Biography of Lieutenant Douglas Fountaine Brodie
Douglas Fountaine Brodie, son of John James and Edith Fountaine Brodie, of 288 Renfrew Street, Charing Cross, Glasgow.
Lieutenant Brodie was one of the original Glasgow Highlanders who had came to France in the ranks of A Company in 1914 as a Private (Regiment No. 1604). A Glasgow University student who had been gassed in October 1915, suffered trench fever and then gunshot wounds in 1917 and had recovered from these events and had been commissioned.
He was awarded the Military Cross (MC) in 1917. His entry from the London Gazette, dated 17 September 1917 read:
2nd Lt. Douglas Fountaine Brodie, High. L.I.

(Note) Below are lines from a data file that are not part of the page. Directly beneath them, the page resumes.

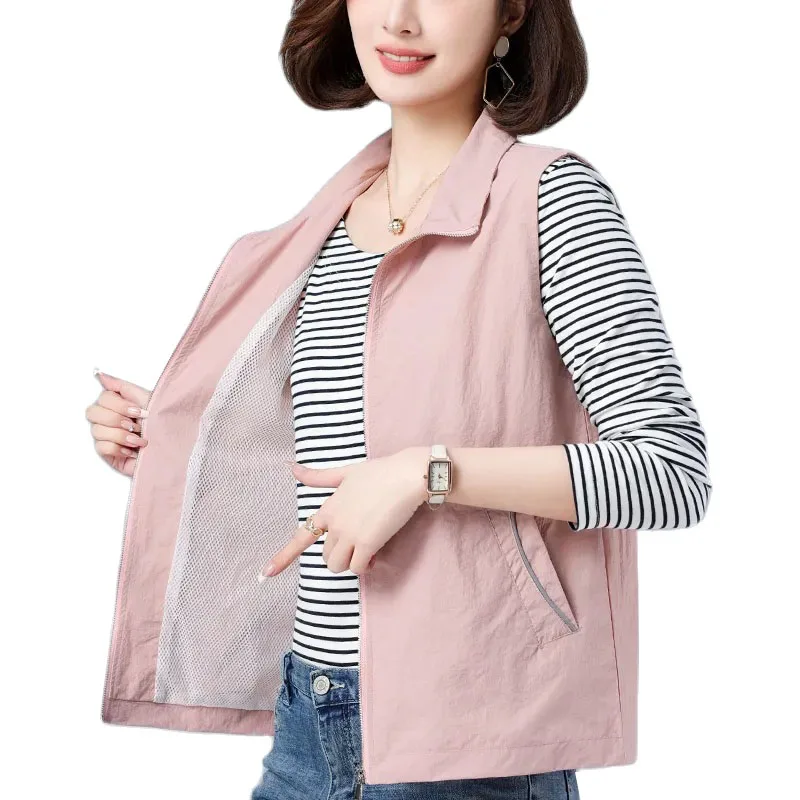 Middle-aged Mothers Women Vest 2023 New Spring Summer  Casual Sleeveless Thin Waistcoat Jackets Female Short Ladies Top Outerwea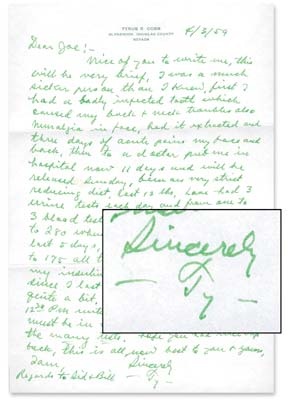 Ty Cobb - 1959 Ty Cobb Handwritten Letter
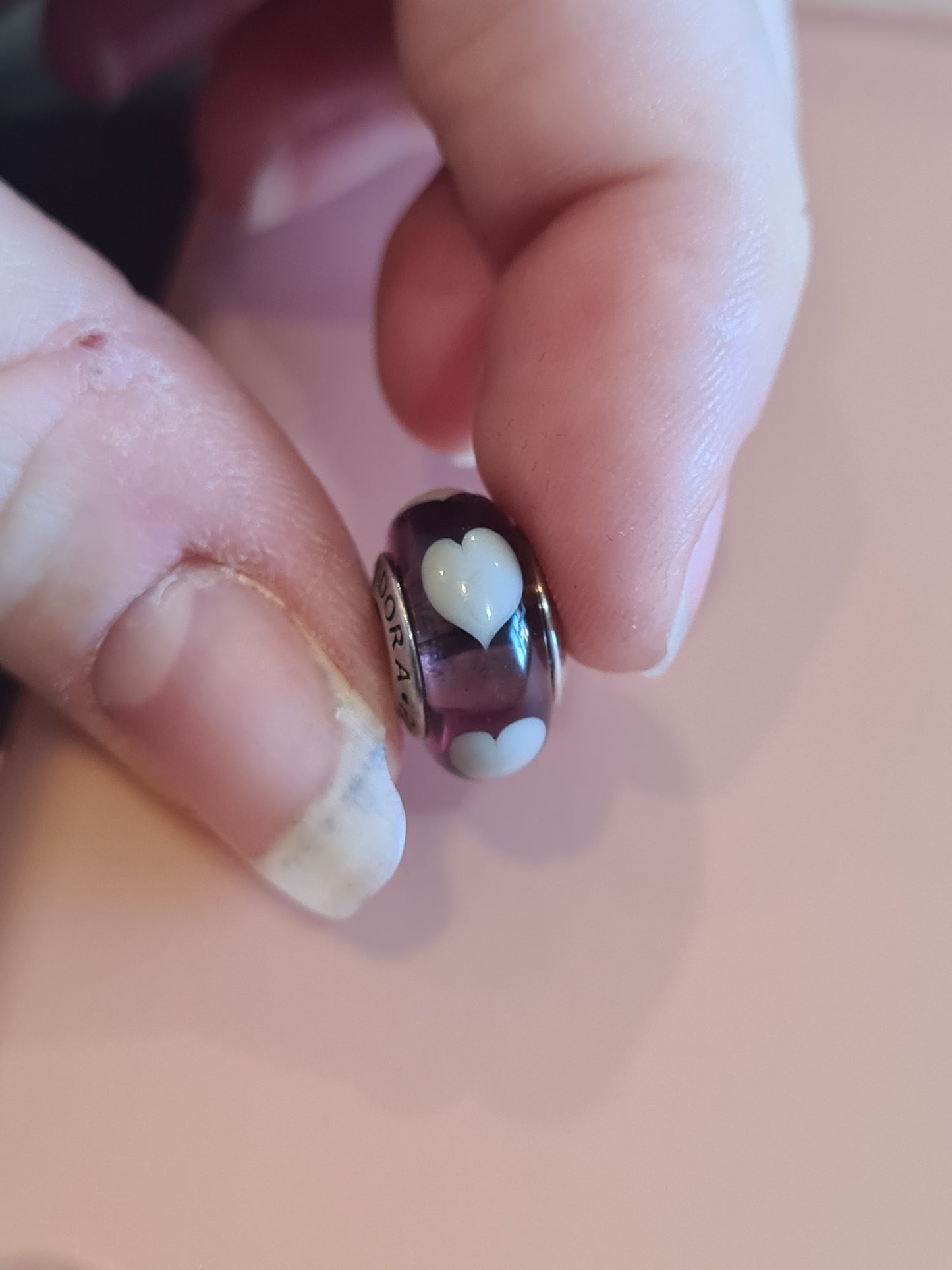 Genuine Pandora Purple Murano Glass Charm with White Hearts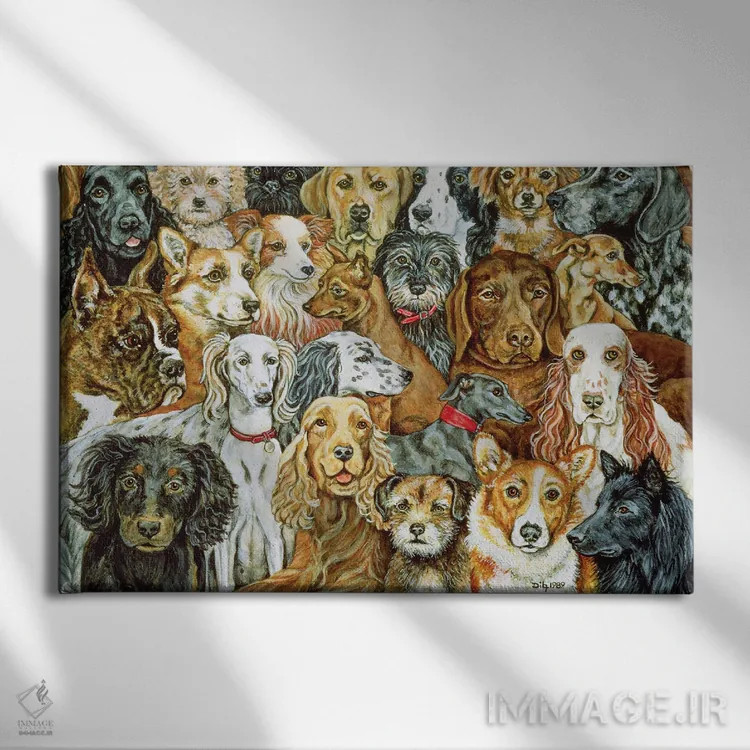 تابلو سگ درازکشیده، ۱۹۸۹ اثر دیتز - نمای روبهرو روی دیوار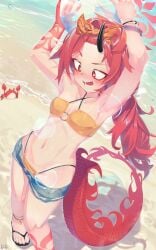 absurdres armpits arms_up ball bangs_pinned_back beach beachball bikini bikini_bottom_under_shorts bikini_under_clothes black_horns blue_archive crab denim denim_shorts dragon_girl dragon_horn dragon_tail eyeshadow female flip-flops hairband halo highres hitogata_ningen holding holding_ball holding_beachball horns long_hair looking_down makeup navel o-ring o-ring_bikini official_alternate_costume open_clothes open_shorts orange_hairband red_eyeshadow red_hair red_halo red_tail renge_(blue_archive) renge_(swimsuit)_(blue_archive) sandals shorts single_horn solo sweat swimsuit tail yellow_bikini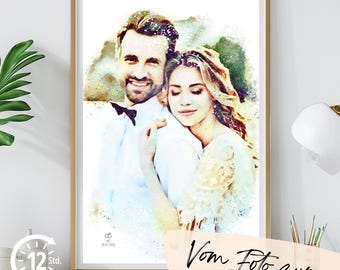 Custom Anniversary Gift, Watercolor Couple Portrait, Wedding Keepsake, Custom Wedding Gift | Romantic Wall Decor, Personalized Portrait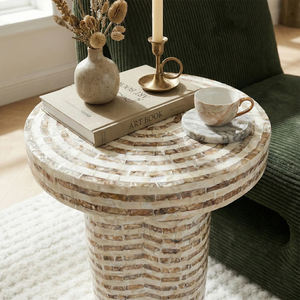 Mesa Auxiliar con Incrustaciones de Madreperla, Mosaico MOP, Mueble Decorativo de Lujo, Exportación Directa de Fábrica, Superventas - Product Image 2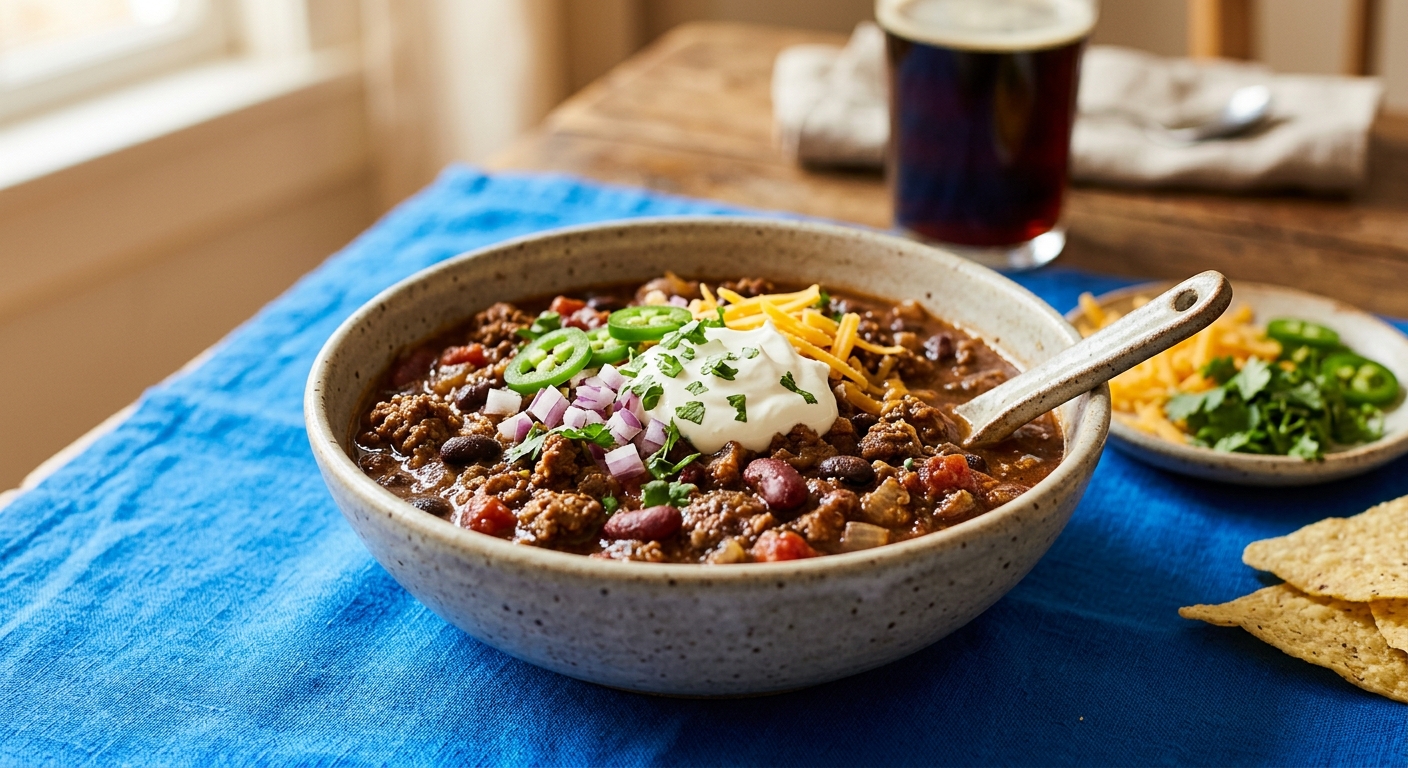 Herzhaftes Stadion-Chili mit Rindfleisch und dunkler Schokolade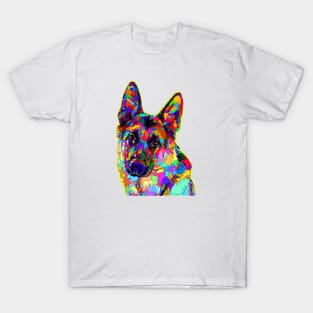 German Shepherd Psychedelic Technicolour T-Shirt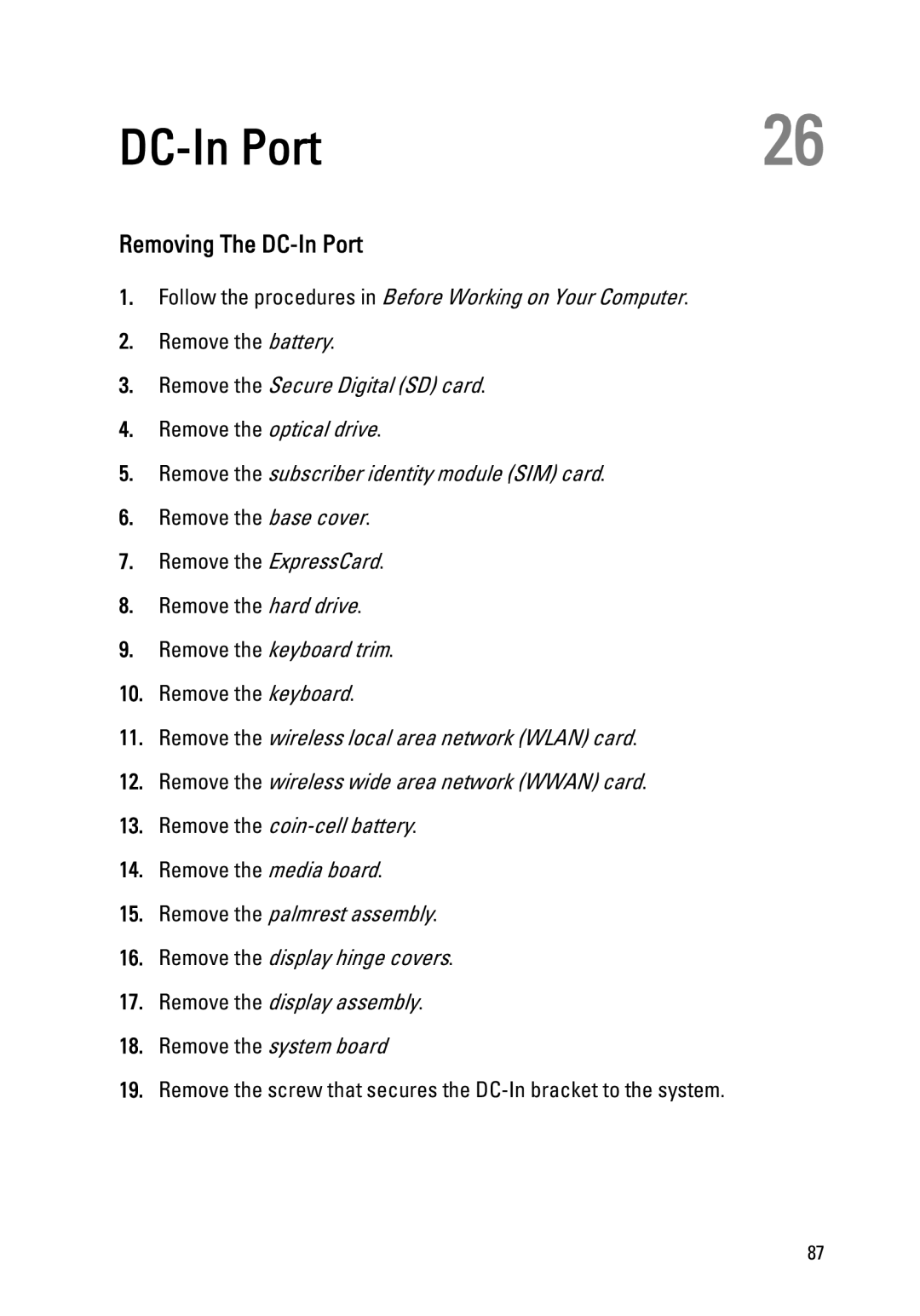 Dell Latitude E6320 owner manual Removing The DC-In Port 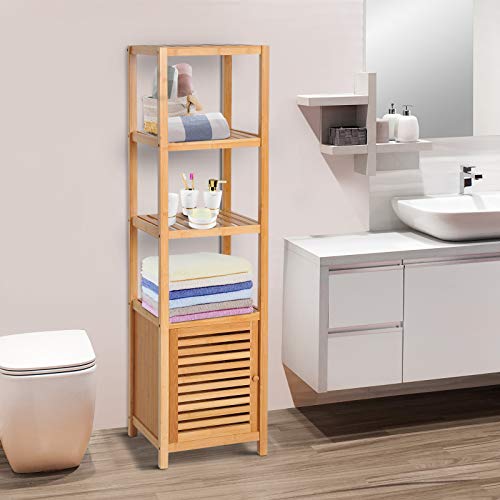 HOMCOM 140cm Tall Bathroom Cabinet, Freestanding Storage Unit w/ 3 Shelves, Utility Organiser Cupboard for Home Kitchen 2 HOMCOM 140cm Tall Bathroom Cabinet, Freestanding Storage Unit w/ 3 Shelves, Utility Organiser Cupboard for Home Kitchen - Image 2
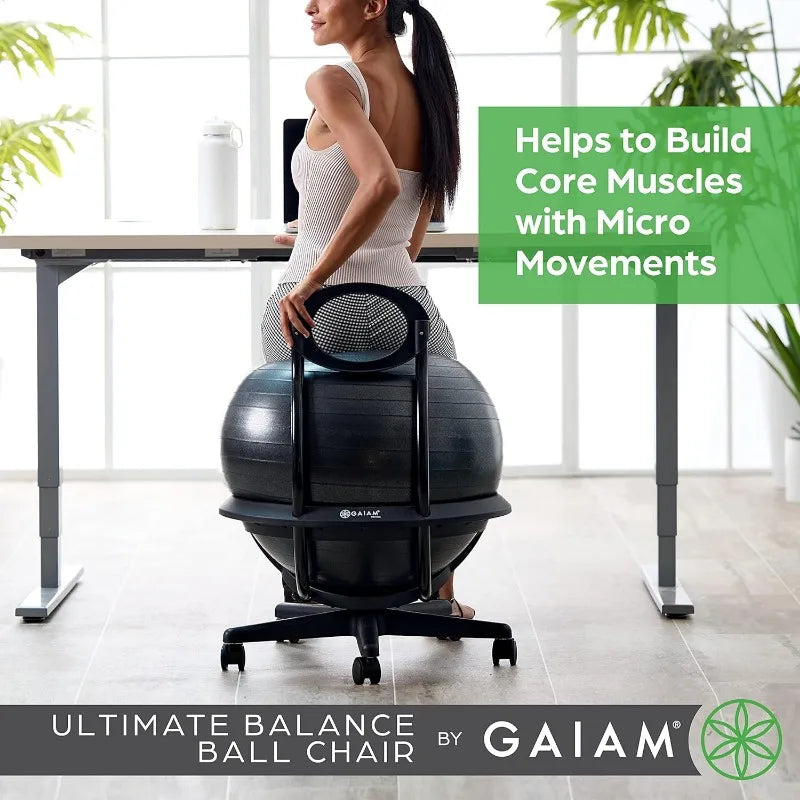 Gaiam Ultimate Balance Ball Chair (Standard or Swivel Base Option) - Premium Exercise Stability Yoga Ball Ergonomic Chair for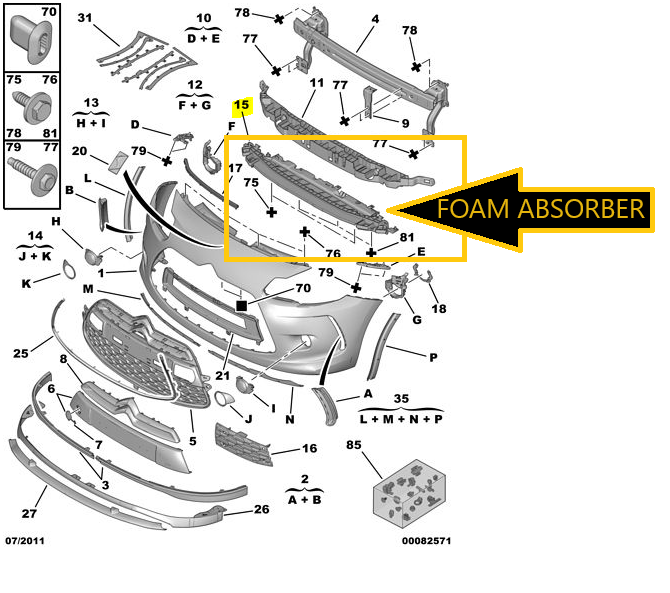 PEUGEOT PARTNER 2018 ON FRONT BUMPER REINFORCEMENT ABSORBER FOAM SUPPORT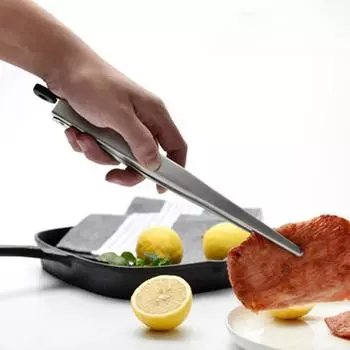 Household Kitchen Utensil Stainless Steel Food Clamp Pointed BBQ Clip Dinner Cooking Tool Bread Tong Buffet Seafood Clip 1pcs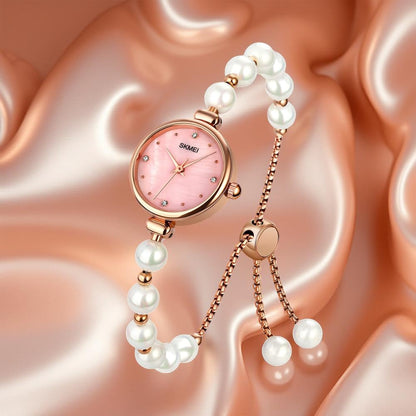 Elegant Pearl Chain Analog Watch for Women with Premium Rose Gold Finish and Adjustable Bracelet Design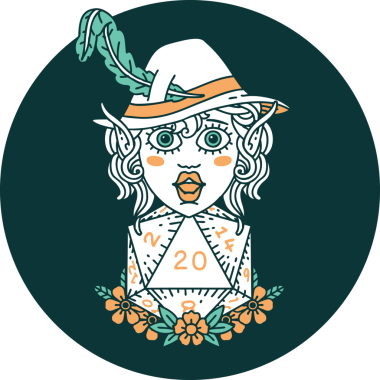 Bir insan tarafından çizilmiş 20 zarlı elf ozan karakteri simgesi.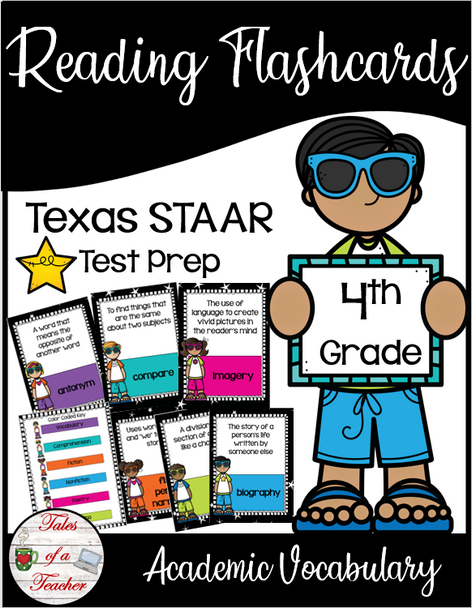 4th Grade STAAR Reading Academic Vocabulary Flashcards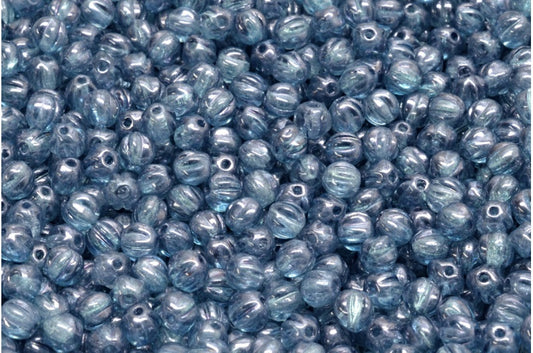 メロンビーズ、クリスタルラスターブルーフルコーティング（00030-14464）、ガラス、チェコ共和国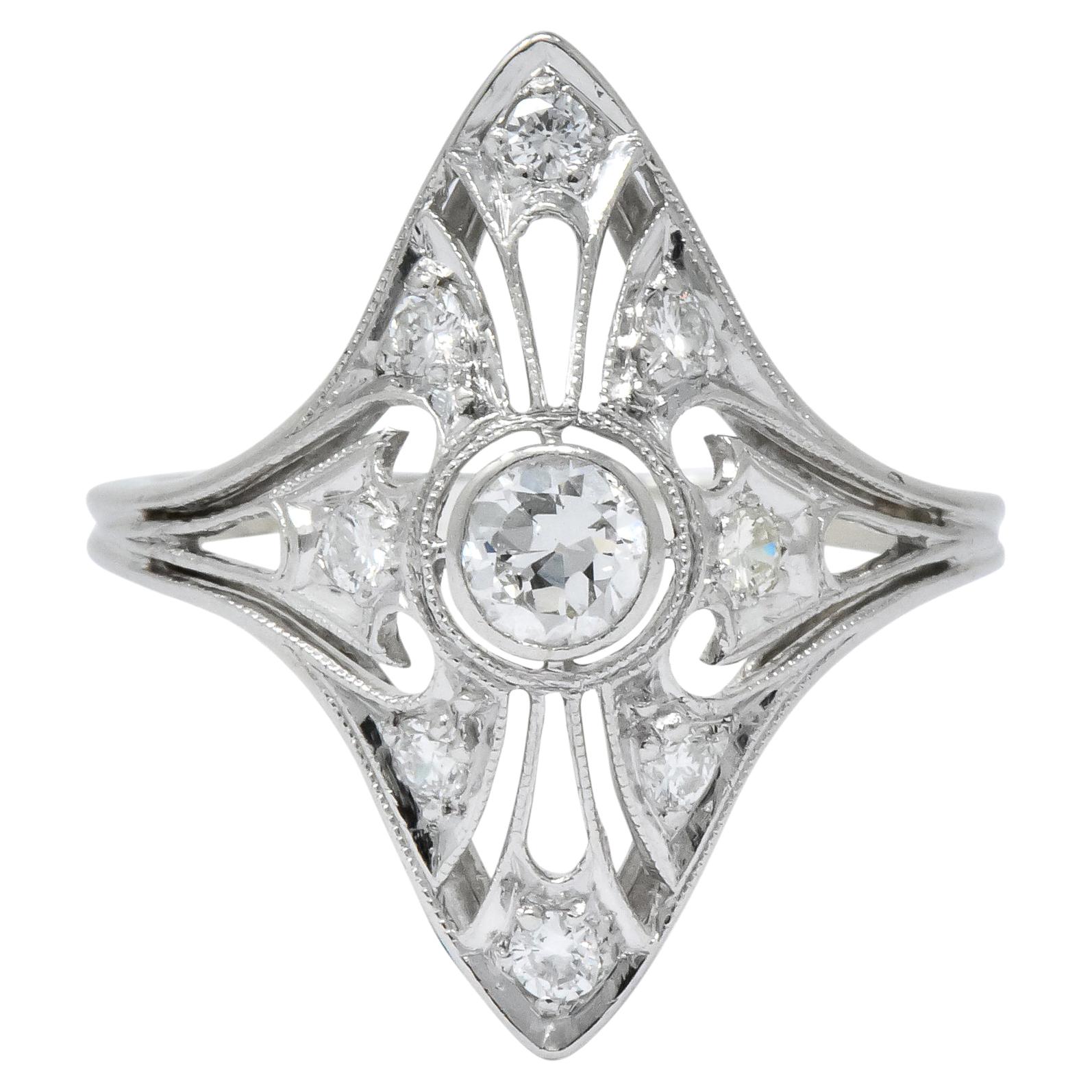 Carter & Gough Edwardian 0.50 Carat Diamond Platinum Navette Ring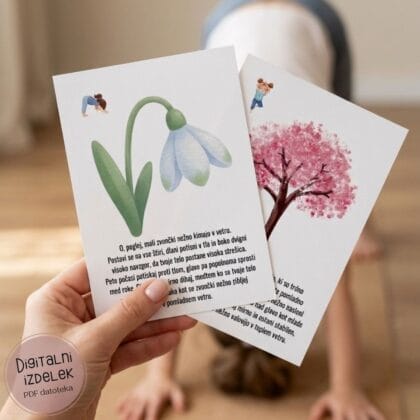 Pomladne joga kartice za otroke - zabava, gibanje in sprostitev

For conspicuous gallantry and devotion to duty in preparing and successfully carrying out a raid. On three occasions he made a thorough reconnaissance of No Man's Land, penetrating to the enemy's parapet, and on the third occasion shooting two of the enemy who were acting as wiring party. He led the raid in person, with great dash and complete success, accounting for four of the enemy himself, capturing others, and finally withdrawing his party with skill under very difficult conditions.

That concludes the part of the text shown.